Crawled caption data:
┌────────
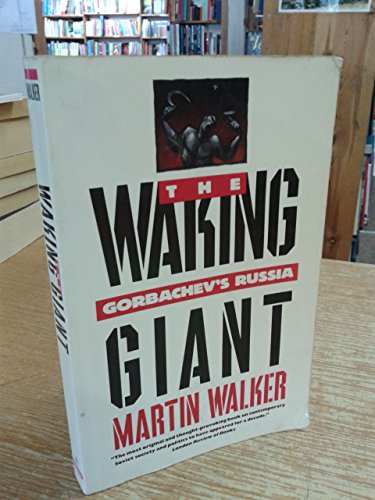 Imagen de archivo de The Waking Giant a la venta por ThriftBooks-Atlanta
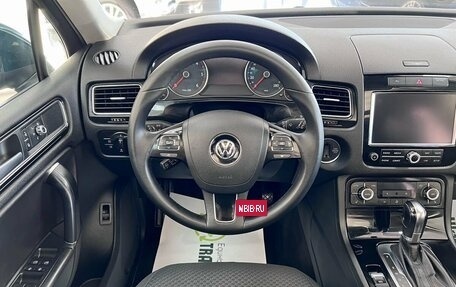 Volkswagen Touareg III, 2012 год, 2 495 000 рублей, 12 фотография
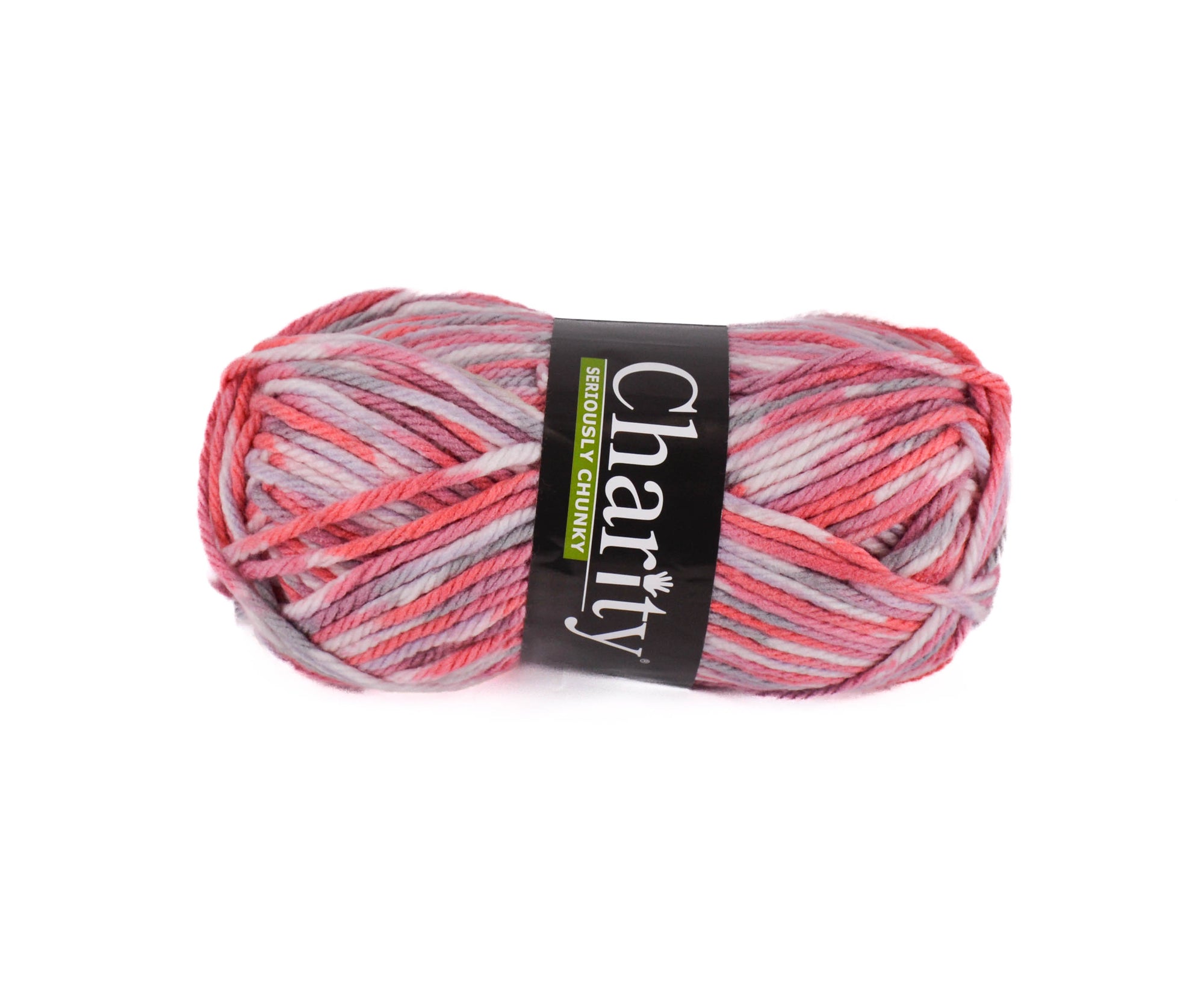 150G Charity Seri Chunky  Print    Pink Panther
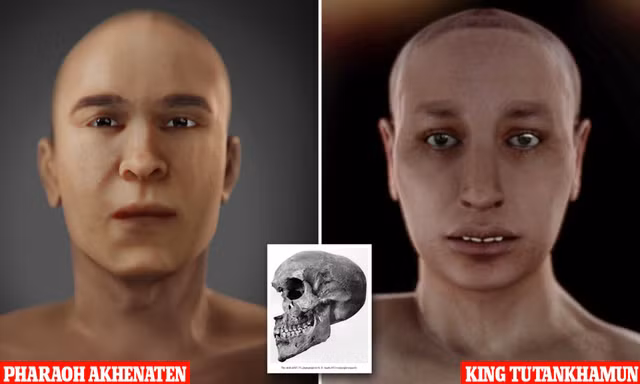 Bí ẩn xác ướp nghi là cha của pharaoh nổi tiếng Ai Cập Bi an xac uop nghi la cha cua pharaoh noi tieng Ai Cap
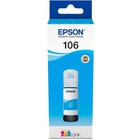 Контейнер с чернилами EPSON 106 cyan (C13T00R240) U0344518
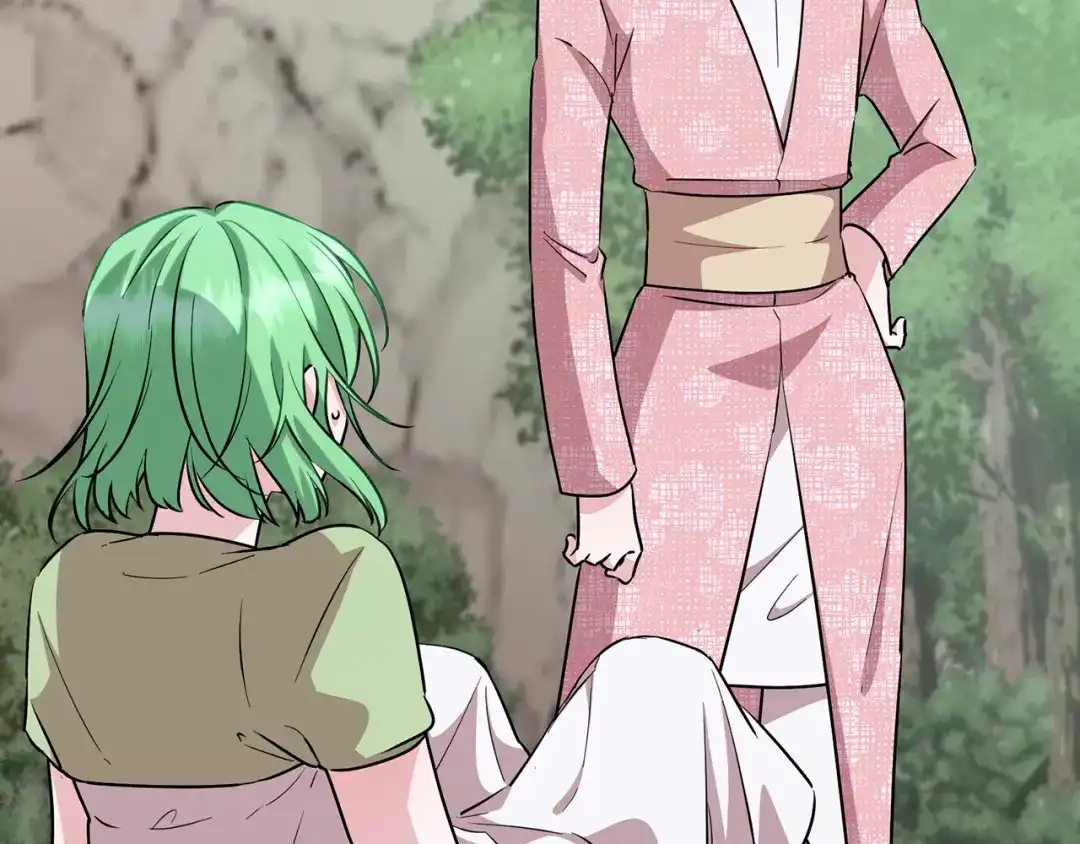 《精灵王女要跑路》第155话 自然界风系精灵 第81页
└────────
Write out again exactly the lines from the start of the data above through the line containing "150G Charity Seri", inclusive, excluding any pictures.

 Imagen de archivo de The Waking Giant a la venta por ThriftBooks-Atlanta
 Volkswagen Touareg III, 2012 год, 2 495 000 рублей, 12 фотография
 150G Charity Seri Chunky  Print    Pink Panther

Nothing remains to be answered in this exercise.